Sexual harassment or unwanted sexual touching by licensees has resulted in penalties that have generally increased in severity over this period in recognition of the harmful impact that is inflicted on women lawyers or clients when they are treated unequally and disrespectfully, and their gender is a factor in this mistreatment. Gender or sex is a ground of protection from discrimination under the Ontario Human Rights Code[1] and the Rules of Professional Conduct.[2]

Disrespectful or abusive conduct, and verbal or physical sexual misconduct in particular, affect the reputation of the legal professions, and penalties must be calibrated to send a message that such conduct is serious and unacceptable. The public has a right to expect personal behaviour, particularly in relation to the staff or members of a lawyer’s firm or his colleagues elsewhere in the profession, that is beyond reproach. This is achieved in part by deterring both Mr. Suh and other licensees from engaging in conduct that denies the right of women who interact with members of the legal professions to equal treatment and respectful communications and actions from licensees.

Other charges were either dismissed or not proven

The evidence in support of Mr. Suh’s position on costs is largely found in our reasons on finding from paras. 131-154, which we will not repeat in full. We will only list a few aspects that illustrate the “identifiable flaws” in the credibility and reliability of KT and MT that rendered their allegations doomed to failure:

•           Many central and significant inconsistencies in the evidence of KT and MT.

•           The firm and unshaken denial by the respondent.

•           The inherent improbability of the events including, centrally, that Mr. Suh spent the night in a hotel room with his two clients.

•           The evident motivation to get back at Mr. Suh for what MT regarded as unfairness (and worse) by lawyers generally, including the respondent...


 In our view, virtually all of the reliability and credibility issues we have outlined above were evident before the hearing or during KT’s and MT’s testimony, which was part of the Law Society’s case. The respondent did not need to take the witnesses through each of these pieces of their evidence, and Mr. Suh’s evidence on these points was essentially a blanket denial that he had behaved in such a bizarre way. Even prior to his testimony, the allegations concerning MT and KT were very unlikely to succeed.

For all of these reasons, this is one of the rare cases in which costs relating to these allegations should be awarded to the successful respondent. The respondent is entitled to 40% of his costs, or $19,000, to be set off against the award of $25,000 in favour of the Law Society.

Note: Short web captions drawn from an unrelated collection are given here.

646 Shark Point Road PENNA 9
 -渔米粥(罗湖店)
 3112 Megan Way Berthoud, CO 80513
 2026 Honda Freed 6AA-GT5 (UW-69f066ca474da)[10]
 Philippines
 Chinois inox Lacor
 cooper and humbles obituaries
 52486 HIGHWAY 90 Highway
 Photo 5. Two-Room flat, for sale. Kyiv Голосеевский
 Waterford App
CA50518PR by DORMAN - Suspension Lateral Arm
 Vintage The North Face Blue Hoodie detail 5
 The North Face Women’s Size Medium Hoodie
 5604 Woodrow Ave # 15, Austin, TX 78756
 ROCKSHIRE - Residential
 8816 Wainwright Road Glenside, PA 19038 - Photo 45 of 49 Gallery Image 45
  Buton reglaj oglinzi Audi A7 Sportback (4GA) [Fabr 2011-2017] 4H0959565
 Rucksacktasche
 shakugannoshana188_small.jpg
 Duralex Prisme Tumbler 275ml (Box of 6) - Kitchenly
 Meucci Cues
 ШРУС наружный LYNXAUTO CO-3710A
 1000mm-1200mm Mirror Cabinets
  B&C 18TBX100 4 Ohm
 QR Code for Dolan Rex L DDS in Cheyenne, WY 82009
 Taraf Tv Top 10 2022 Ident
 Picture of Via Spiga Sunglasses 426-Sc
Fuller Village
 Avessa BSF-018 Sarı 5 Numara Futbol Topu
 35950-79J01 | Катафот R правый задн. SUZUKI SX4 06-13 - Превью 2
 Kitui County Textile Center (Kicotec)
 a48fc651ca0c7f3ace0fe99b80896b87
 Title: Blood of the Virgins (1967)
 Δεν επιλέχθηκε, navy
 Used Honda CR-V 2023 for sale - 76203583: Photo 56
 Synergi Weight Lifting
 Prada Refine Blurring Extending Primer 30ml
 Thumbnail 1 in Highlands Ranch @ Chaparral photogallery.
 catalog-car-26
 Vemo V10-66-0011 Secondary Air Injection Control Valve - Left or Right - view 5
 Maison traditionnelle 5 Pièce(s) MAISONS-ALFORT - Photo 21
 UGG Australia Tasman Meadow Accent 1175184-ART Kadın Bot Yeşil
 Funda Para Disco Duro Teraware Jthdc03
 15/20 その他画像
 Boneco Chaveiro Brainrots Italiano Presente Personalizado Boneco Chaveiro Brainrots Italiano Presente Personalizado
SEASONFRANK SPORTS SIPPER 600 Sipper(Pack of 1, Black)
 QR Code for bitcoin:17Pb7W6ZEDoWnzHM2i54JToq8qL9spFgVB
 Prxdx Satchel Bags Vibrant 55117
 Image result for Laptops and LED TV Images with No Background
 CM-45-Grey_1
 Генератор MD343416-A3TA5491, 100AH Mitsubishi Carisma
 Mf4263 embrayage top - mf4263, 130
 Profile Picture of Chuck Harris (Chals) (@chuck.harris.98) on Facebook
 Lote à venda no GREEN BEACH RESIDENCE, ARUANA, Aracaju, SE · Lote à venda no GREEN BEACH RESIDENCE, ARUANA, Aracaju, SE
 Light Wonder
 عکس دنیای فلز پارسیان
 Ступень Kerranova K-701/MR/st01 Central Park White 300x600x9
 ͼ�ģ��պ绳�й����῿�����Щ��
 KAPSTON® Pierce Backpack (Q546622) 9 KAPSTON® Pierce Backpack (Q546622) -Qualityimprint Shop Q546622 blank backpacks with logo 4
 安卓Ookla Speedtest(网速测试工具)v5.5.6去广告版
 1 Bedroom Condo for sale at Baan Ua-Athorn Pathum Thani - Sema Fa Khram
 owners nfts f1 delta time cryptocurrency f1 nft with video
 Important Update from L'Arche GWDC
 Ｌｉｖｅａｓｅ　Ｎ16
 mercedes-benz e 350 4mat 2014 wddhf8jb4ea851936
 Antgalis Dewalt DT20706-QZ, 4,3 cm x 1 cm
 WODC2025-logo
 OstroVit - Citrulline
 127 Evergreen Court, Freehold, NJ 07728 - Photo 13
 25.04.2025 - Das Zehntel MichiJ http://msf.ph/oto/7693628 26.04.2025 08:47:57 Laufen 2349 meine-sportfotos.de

The findings are linked here

The respondent Lawyer Sang-Kyun Suh (often referred to as Phil Suh) has carried on a busy and complex plaintiff-side personal injury practice for most of his two decades at the Bar. In his testimony, he referred to himself as “intense” and “a perfectionist” who works very long hours and prides himself on his diligence. He has high expectations of the people he works with and recognizes that he has shown his frustration and used profanity when others do not meet his standards. Mr. Suh also said he is “animated”, “normally loud” and “flamboyant” at the office and acknowledged “I wear my emotions on my sleeves sometimes.”